La joven durmiente y el huso

“La joven durmiente y el huso”, de Neil Gaiman

La joven durmiente y el huso

Desde que leí The Sandman (mi desvirgamiento en el mundo del cómic adulto, junto con Predicador, esto ya lo he comentado alguna vez…) no he dejado de seguir la pista de Gaiman. Eso no quiere decir que haya leído todo lo que ha parido, no, –el cómic Batman: ¿Qué le sucedió al cruzado enmascarado?; el libro (excelente y también reseñado aquí ) American Gods y Buenos Presagios, escrito a pachas con Terry Pratchet,  son una pequeña muestra de esa pista que voy siguiendo de lejos– pero mi secretaria me mantiene al tanto de sus obras. Es lo menos que puedo hacer por el creador de ese gran universo en el que transcurren las aventuras de Morfeo y que tan honda huella me dejó.

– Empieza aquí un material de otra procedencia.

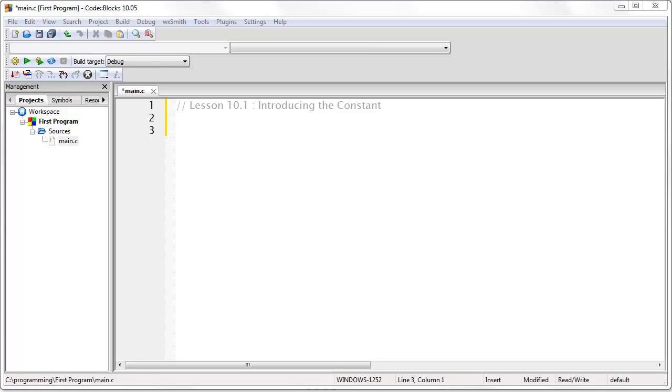Alright, welcome to Unit 10. In the first lesson of Unit 10, I'm going to teach you about something called a constant.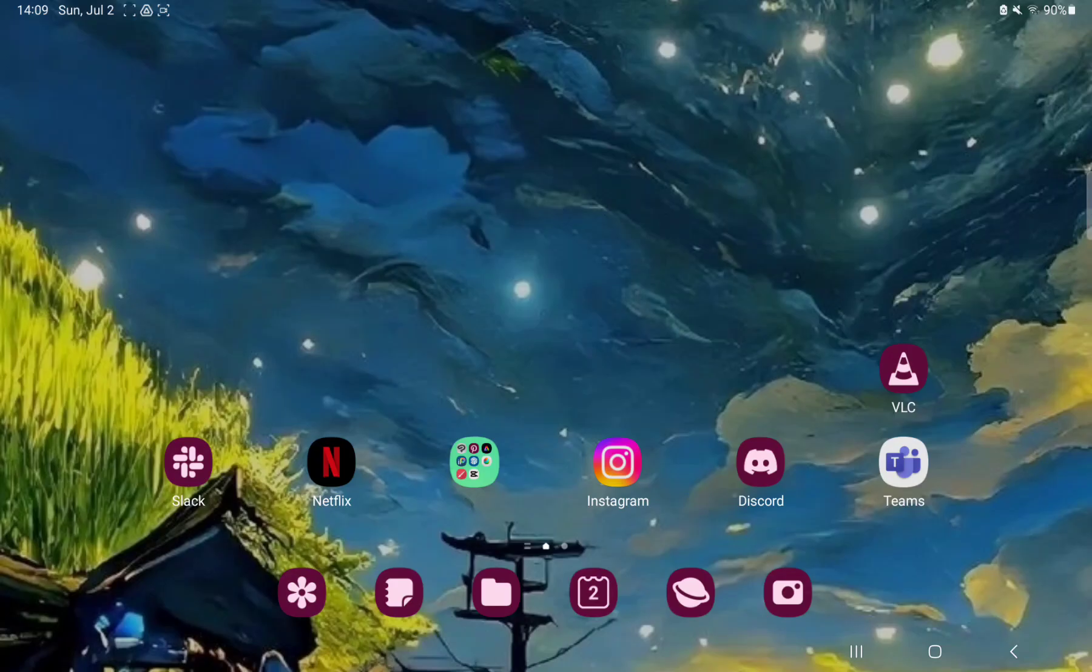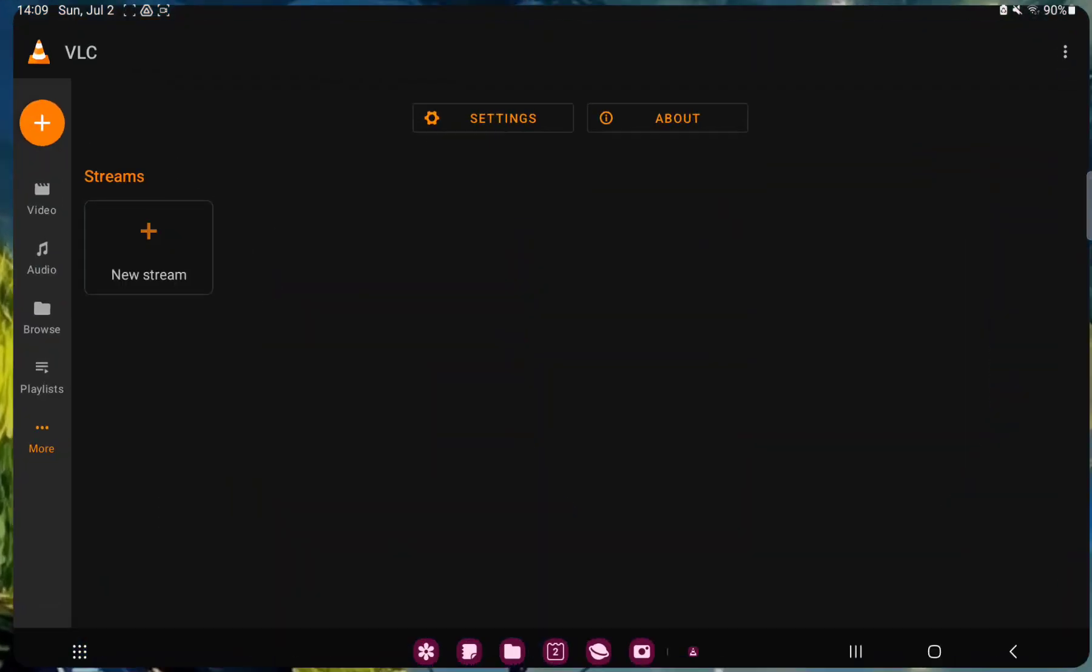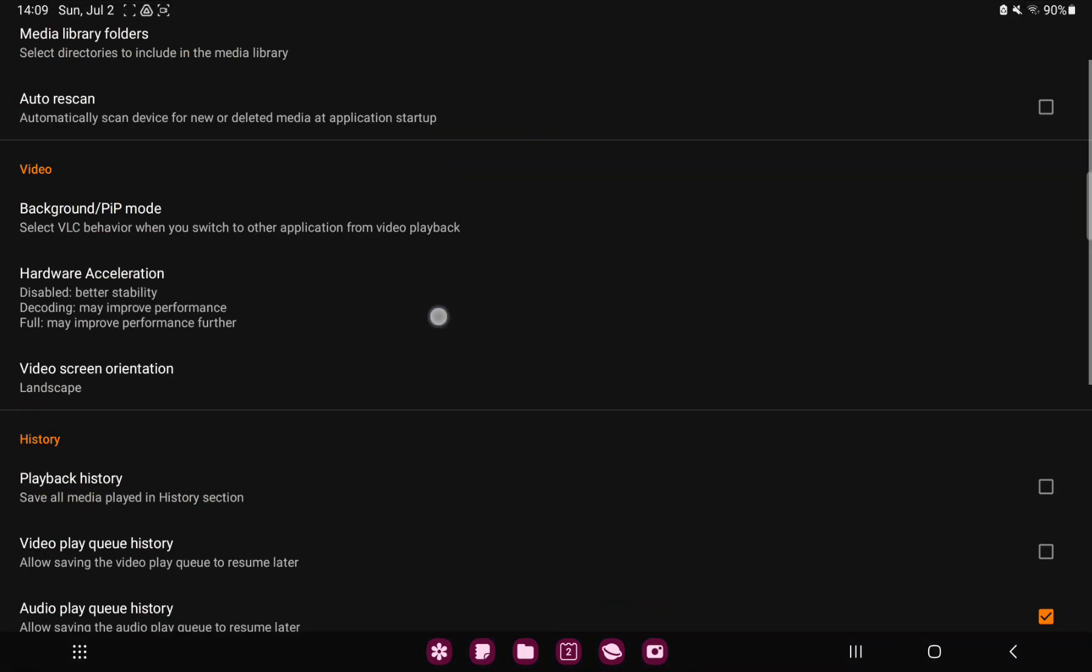So let's jump into it. First of all open the application on your device. Tap the more button under the playlist option, at the left side on the screen and go to the settings section.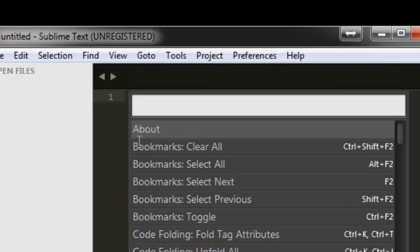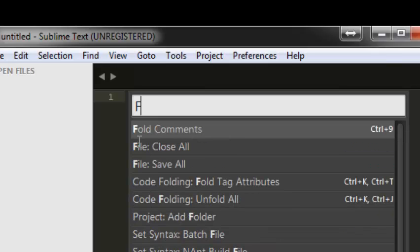You're going to type in the name of the folder where the plugin files are in, which is the one we just dragged over. I'm looking for Fold Comments. It already pops up, so I know that it's installed.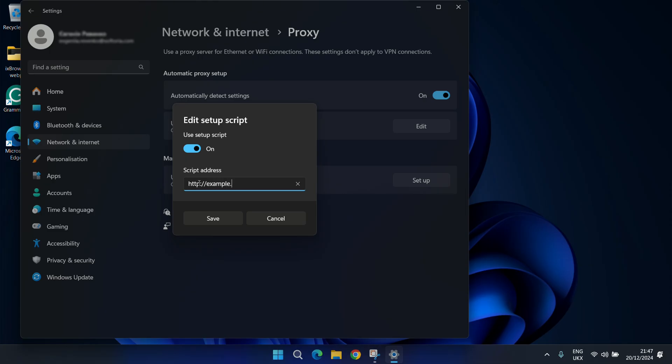To configure a proxy manually, enable the Use a proxy server feature and enter your credentials. Remember to save your settings.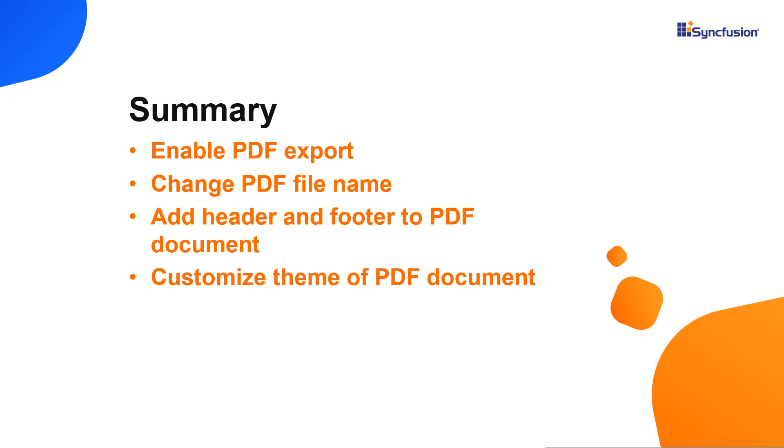You can download a working example from the GitHub link in the description for this video below. You can also see if you're eligible for our community license, which will provide you a free license key to use our products. If you found this video useful, give it a like and subscribe to our channel.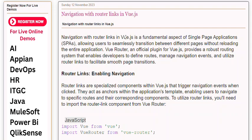Navigation with router links in Vue.js is a fundamental aspect of single-page applications (SPAs), allowing users to seamlessly transition between different pages without reloading the entire application. Vue Router, an official plugin for Vue.js, provides a robust routing system that enables developers to define routes, manage navigation events, and utilize router links to facilitate smooth page transitions.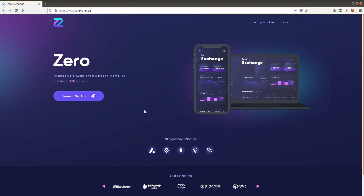Welcome to the Xero Exchange video tutorials. In this video you will learn how to enter and exit liquidity pools. Let's launch the Xero Exchange application.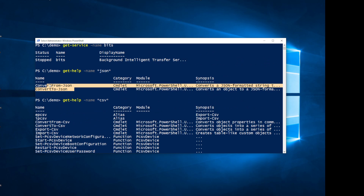What ConvertFrom and ConvertTo accomplish is they modify the object that's in PowerShell's pipeline and convert it to JSON-formatted text, then leave it in PowerShell's pipeline. You would then have to take that text and write it out to a file if you wanted to accomplish the full export. I'll show you how to do that in a minute.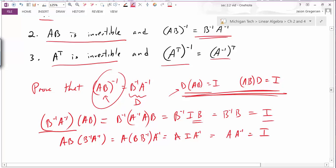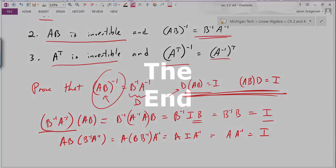That concludes the mini proof — a quick demonstration of how to show that something is the inverse of a matrix. That also concludes this video on inverse matrices. Thank you.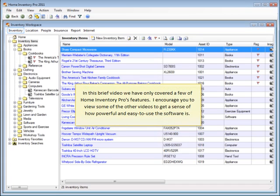In this brief video, we've only covered a few of Home Inventory Pro's features. I encourage you to view some of the other videos to get a sense of how powerful and easy to use the software is.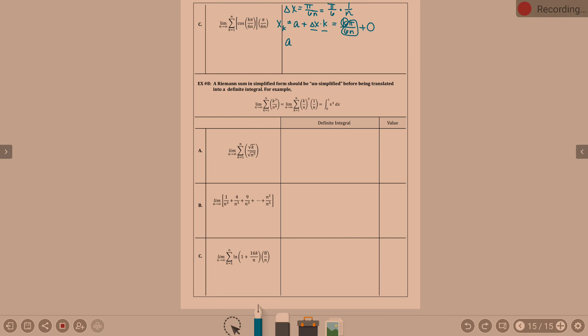A is 0. B minus a is pi over 6, because delta x is b minus a over n. If a is 0, then b is pi over 6. F of x is cosine x.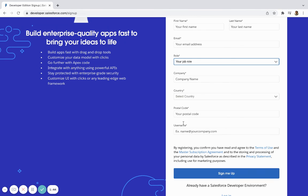Once you hit sign me up, you'll get the email in your inbox where you can go in and set your password, and you'll be logged into your Salesforce developer account.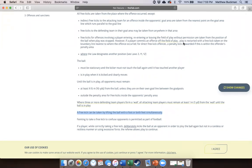Does the ball need to clear the center circle before the defense can contact it? No. Defensive players have to be 10 yards away from the ball at the time the free kick is taken. Once it is played and clearly moves, they can engage.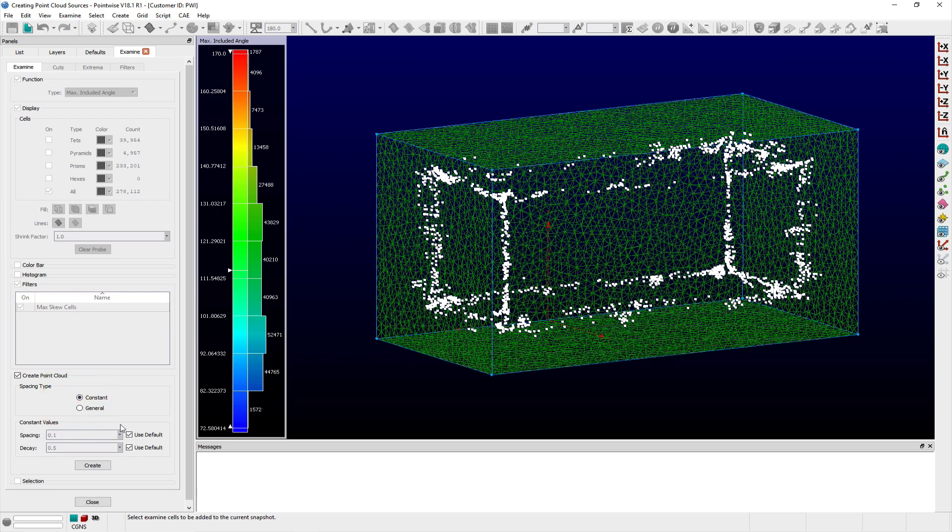For this example, I'll simply choose the Constant option, enter a spacing value of 0.5, which was used to initialize the surface grid, and a decay value of 0.9.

Y es que el problema de que lo primero que caiga en tus manos cuando te dispones a descubrir a un autor sea una obra maestra que te fascine tanto como la del rey de los sueños, es que esperas que lo siguiente que leas de ese autor sea, al menos, del mismo nivel y tienes miedo de decepcionarte. Por eso voy pian piano. (Y eso que American Gods, Batman… y Buenos Presagios me gustaron).